No . . . because while you are pulling the weeds, you might root up the wheat with them. Let both grow together till the harvest. At that time I will tell the harvesters: First collect the weeds and tie them into bundles to be burned; then gather the wheat and bring it into my barn.    (Matt 4:29-30)

Whatever else this parable means, it shows how difficult it is to separate the wheat from the weeds until the final reckoning. They grow side by side, perhaps even indistinguishable at times. Why else does the farmer worry the wrong plant will be pulled if they are pulled prematurely?  They are each becoming something, and “Now I know in part; then I shall know fully, even as I am fully known.” (I Corinth 13:12).  The weeds and the wheat will finally be known, not now, but then.

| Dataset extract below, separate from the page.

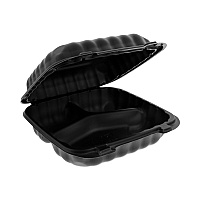 EarthChoice SmartLock Microwavable MFPP Hinged Lid Container, 3 Compartments, 8.35 x 8.5 x 3.1, Black, Plastic, 200/Carton (YCNB08030000)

If naming is judging, then Jesus is urging us to  withhold naming. The battle for hearts and minds will not be won by name-calling, but by considering what embittered people are becoming.  Uncounted Moslems pivot between sympathy and outrage for acts of terrorism, because they are becoming something: outraged world citizens or persecuted martyrs.   They keep their moral compass, even as it drifts from true north. They are listening to the victims and defenders of terror.They might descend into vengefulness, but they have not reached depravity.

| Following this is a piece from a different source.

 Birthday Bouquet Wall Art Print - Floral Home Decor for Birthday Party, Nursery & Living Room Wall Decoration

President Trump does not lack the resolve to defeat terror. He lacks the focus and rhetorical sense to address the outrage more than the perpetrator. He assumes the role of tough guy, thumping his chest during international crises, instead of the prosecutor of justice.  He still favors the punishing language of “radical Islamic terrorism,” manufacturing enemies instead of courting friends.  He resorts to common put-downs like “evil losers,” instead of taking the moral high ground.

But each act of terror has its own motive and lineage. ISIS would have us believe every act has political meaning, but peeling back the layers shows what each terrorist is becoming.  Some are sociopaths, some are martyrs, some have perverted notions of justice, some are duped children.  What they did testifies to who they are, not to who they may become.

Prime Minister May’s words rose to that challenge of naming the outrage, its emptiness, its lack of political voice.  President Trump’s adolescent name-calling did not.  Instead of addressing a world tribunal, he  presided in a comic book universe. In that universe, the “Great Satan” still struggles against Allah. We charge out onto the field to pull weeds, heedless of the wheat we trample under foot.  Our hasty judgment may also determine who we are becoming. We are the Pharisees accusing Jesus of being soft on the law; we are the grumbling workers in the vineyard feeling cheated by Jesus’ generosity; we are Peter standing in the way of Jesus, whose eyes are on the cross.